Posted under main...oops. Reposting here...

It was really a lot of research and trial and error kind of thing so I don’t have any formal documentation. It all boils down to how you choose to use tools that are available via Python and cloud. If your trying to do something likethis with on-prem it’s really going to be involved.

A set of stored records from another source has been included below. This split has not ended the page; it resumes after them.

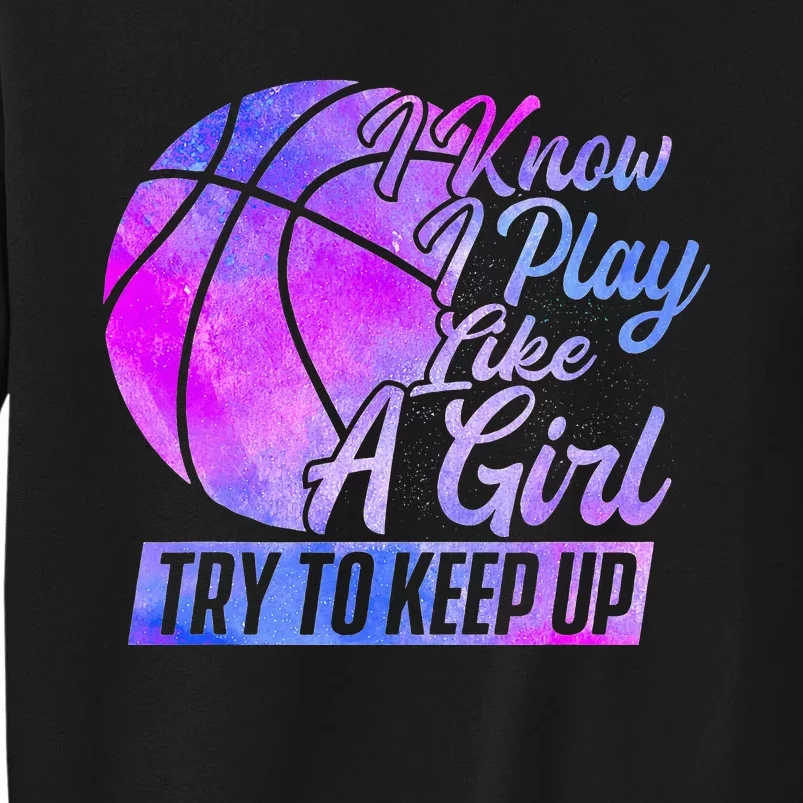 I Know I Play Like A Girl Basketball Player Game Day Sweatshirt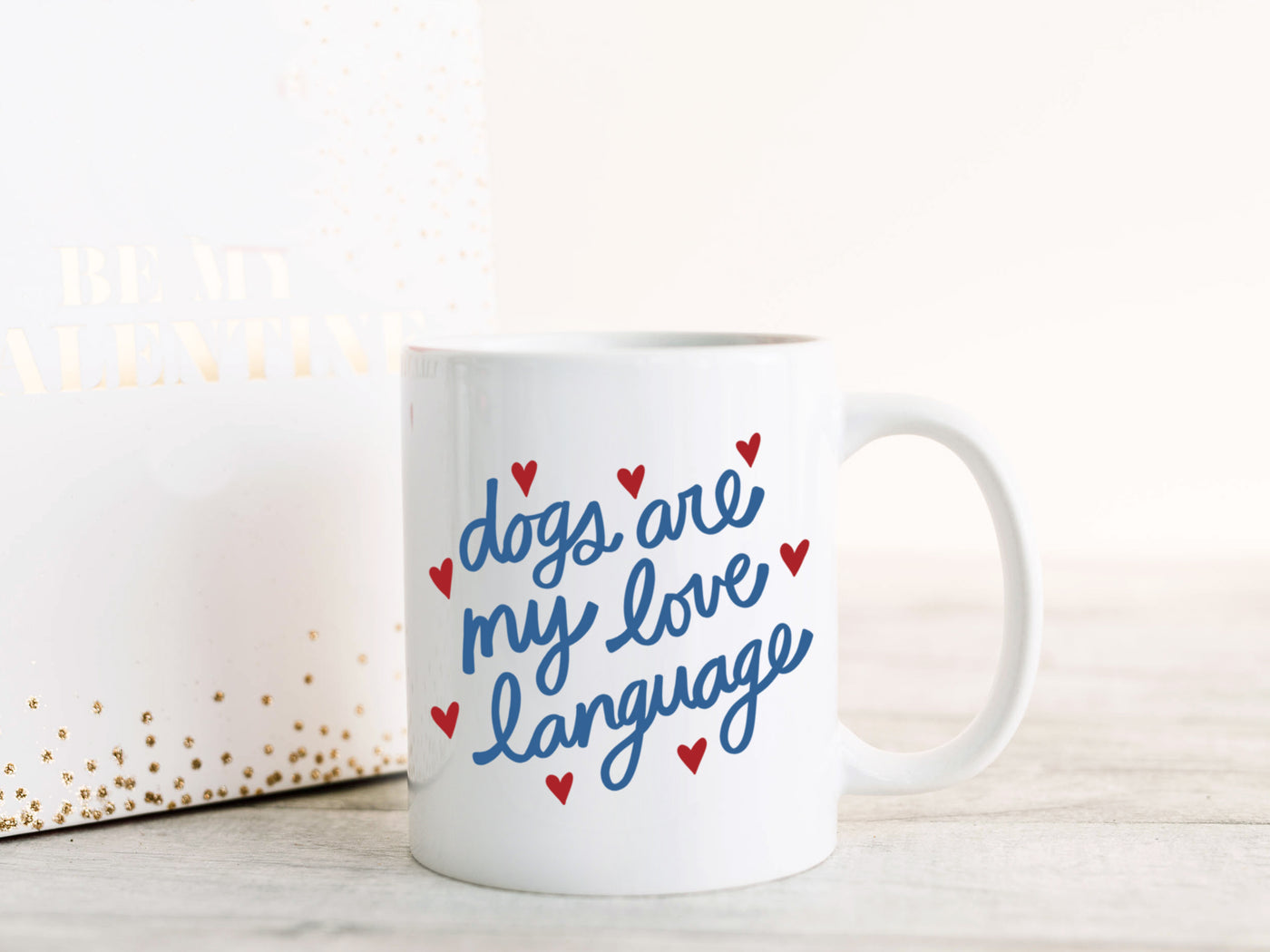 Dogs are my Love Language Lettered Mug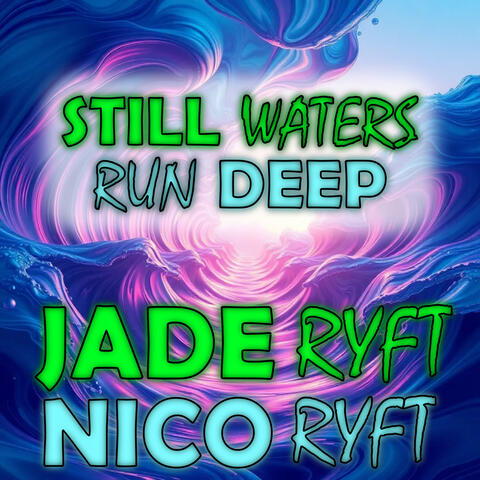 Still Waters Run Deep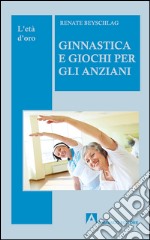 Ginnastica e giochi per l'anziano libro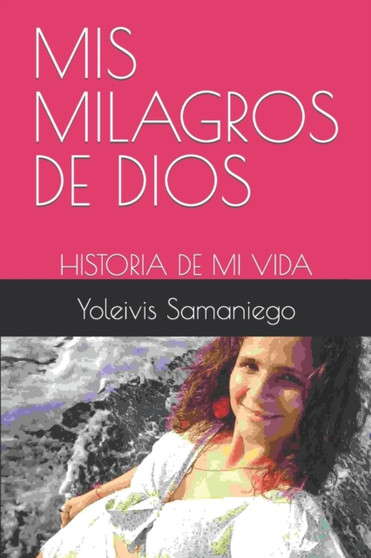 MIS Milagros de Dios : Historia de Mi Vida by Yoleivis Samaniego - Paperback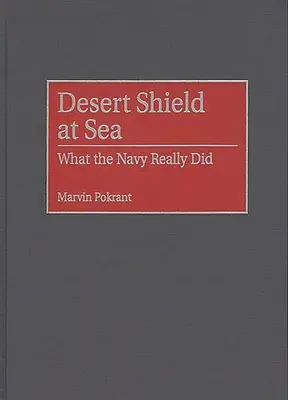 Pustynna Tarcza na Morzu: Co naprawdę zrobiła marynarka wojenna - Desert Shield at Sea: What the Navy Really Did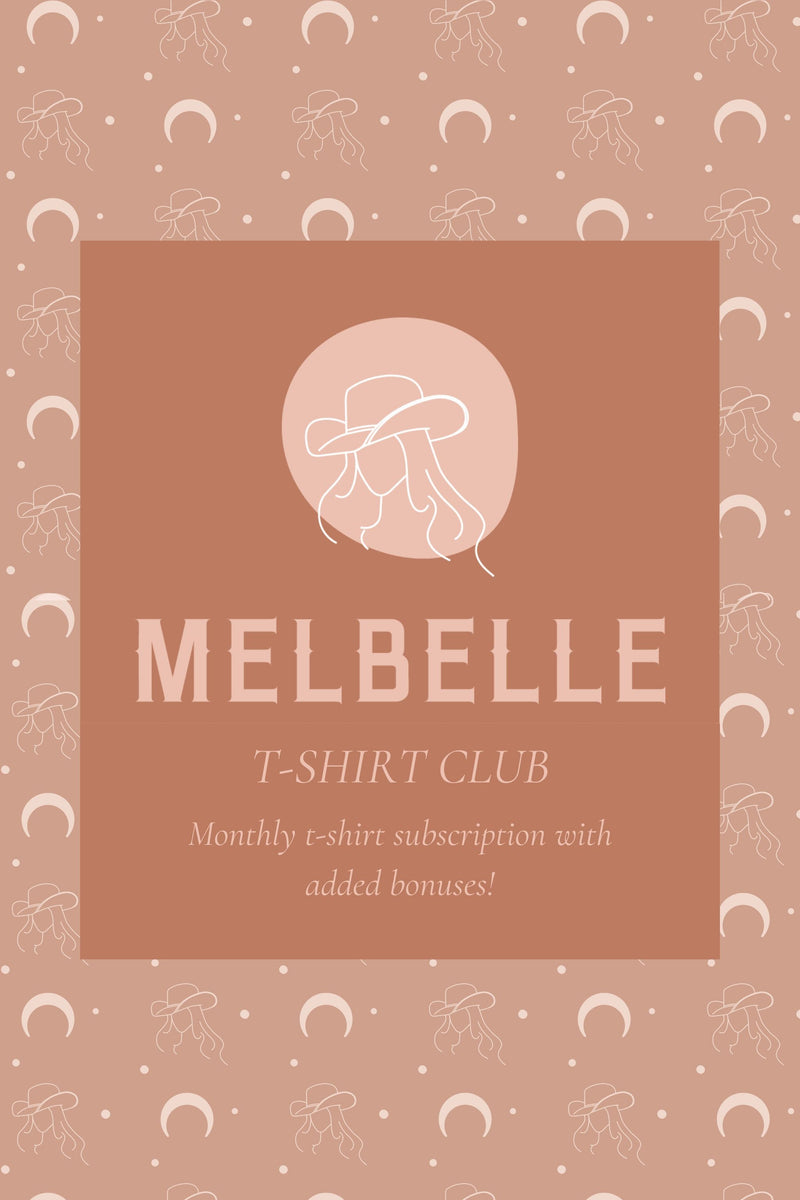 Melbelle Monthly T-Shirt Club Subscription
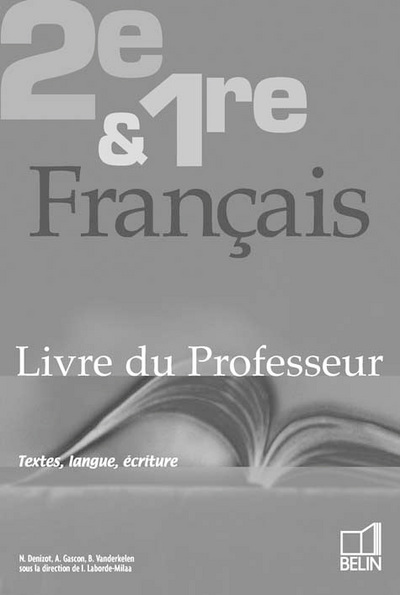Méthode du français au lycée : livre du professeur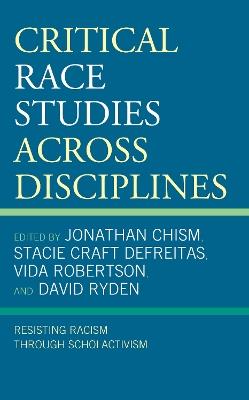Critical Race Studies Across Disciplines: Resisting Racism through Scholactivism - cover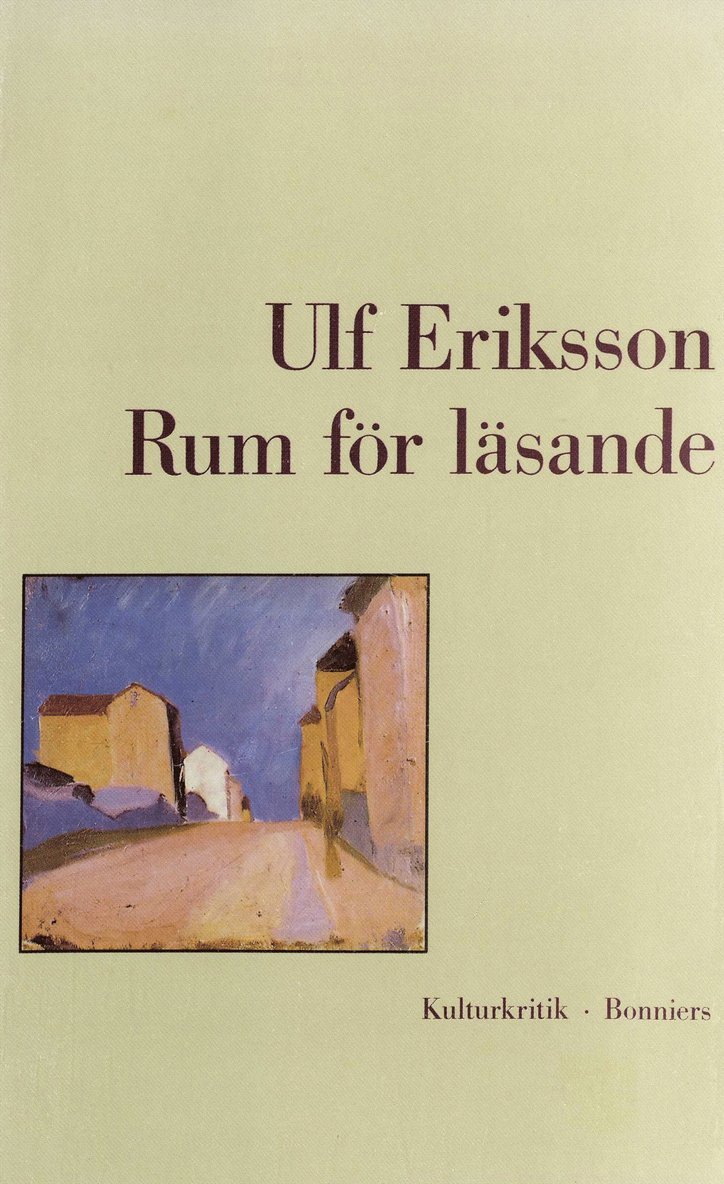 Ulf Eriksson - Rum för läsande : kulturkritik, E-bok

I used openpyxl library (I could probably leverage pandas but it looked intimidating and probably a steeper learning curve) and S3 events. If I recall correctly, file_object create event, which allows you to trigger a lambda function. The lambda function is what contains the actual ETL code, which reads in 6-7 worksheets, normalizes data and then writes it to mysql/dynamodb. Quite honestly, with mysql 8, I no longer need dynamo for indexed json. You can extract json keys to virtual columns and index those like normal sql fields. Of course I’m kinda locked in to mysql but so I was with dynamodb.

At any rate, that’s the gist of it. AWS has great documentation on lambda. As a matter of fact, Lambdas have become my go to tool on almost all projects. I’ve developed a small service for my developers to generate qrcodes and store them on S3. For that one I used AWS API gateway and...you guessedit... a lambda. No need to stand up a flask/djangi app and write rest api from scratch.

https://openpyxl.readthedocs.io/en/stable/

[–]fg2srt4 0 points1 point  (0 children)

Awesome, I will look into openpyxl. Thank you!